The Leadership Equation: Which of these 4 crucial elements are you missing?
Some leaders just have it! It’s like the secret sauce of people management. You can put them in any team or system and they will rally the troops. Their team respects them, their superiors respect them. We wish we could have a dozen of them. We think they must be natural-born leaders.
I no longer believe in natural-born leaders.
As an executive business coach, I work mainly with high-level leaders. The great leaders have all developed four similar core skills. They have the secret sauce! As the coach, I get to see behind the scenes in their businesses, and I will share with you that they are rarely natural-born leaders. In almost every case, they actually started out as very average leaders. They developed their skills with time, mistakes, and a lot of practice.
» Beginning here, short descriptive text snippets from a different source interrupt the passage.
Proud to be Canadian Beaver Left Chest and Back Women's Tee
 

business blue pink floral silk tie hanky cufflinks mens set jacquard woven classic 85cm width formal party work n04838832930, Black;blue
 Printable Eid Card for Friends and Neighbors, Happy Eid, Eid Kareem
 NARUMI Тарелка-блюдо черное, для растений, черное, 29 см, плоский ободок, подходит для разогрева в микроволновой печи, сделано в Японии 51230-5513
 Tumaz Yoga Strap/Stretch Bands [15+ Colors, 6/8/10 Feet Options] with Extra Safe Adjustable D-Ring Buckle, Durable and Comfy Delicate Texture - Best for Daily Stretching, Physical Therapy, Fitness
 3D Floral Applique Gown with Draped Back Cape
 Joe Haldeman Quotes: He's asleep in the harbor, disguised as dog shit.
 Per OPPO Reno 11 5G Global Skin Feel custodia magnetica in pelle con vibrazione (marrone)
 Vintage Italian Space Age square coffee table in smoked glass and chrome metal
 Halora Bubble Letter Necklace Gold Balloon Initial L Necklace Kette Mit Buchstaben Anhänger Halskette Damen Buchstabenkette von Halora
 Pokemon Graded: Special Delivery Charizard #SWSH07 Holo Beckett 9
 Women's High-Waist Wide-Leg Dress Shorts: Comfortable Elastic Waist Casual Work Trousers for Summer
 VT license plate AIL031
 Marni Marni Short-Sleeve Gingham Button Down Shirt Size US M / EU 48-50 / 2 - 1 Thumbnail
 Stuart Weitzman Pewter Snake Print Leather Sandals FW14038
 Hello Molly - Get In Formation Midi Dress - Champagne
“Leaders are made, they are not born. They are made by hard effort, which is the price which all of us must pay to achieve any goal that is worthwhile.” –Vince Lombardi
Leadership = Emotional Intelligence + Integrity + Communication Skills + People
Element 1: Emotional Intelligence
Emotional Intelligence (EQ) is a branch of psychology that emerged in the 1990s led by Peter Salovey and John D. Meyer. Their paper “Emotional Intelligence” answered many questions about why some people are more successful than others**. EQ is the ability to perceive, control and evaluate emotions. Many studies on Emotional Intelligence agree that EQ is a strong determining factor is an individual’s success. These are crucial skills in Leadership. They allow the leader to navigate emotionally-charged situations, be sensitive to the stress levels of their team members, and create an enjoyable team dynamic.
Element 2: Integrity
Integrity is probably the most difficult component of leadership to define because it means different things to different people. The dictionary definition is “the quality of being honest and having strong moral principles; moral uprightness.” But we live in a society in which morality changes with almost every decade. Very rarely do two people have the exact same definition of integrity. Great leaders do not attempt to live according to everyone else’s definitions of integrity. Rather they are VERY clear on their own. Their team may not always agree with the leader, but they always know where they stand. That consistency builds trust and security within the team. In a business climate full of corporate scandals, trust in leadership teams is no longer a given. Trust is now an earned commodity, and it is earned through the integrity and consistency of the leader.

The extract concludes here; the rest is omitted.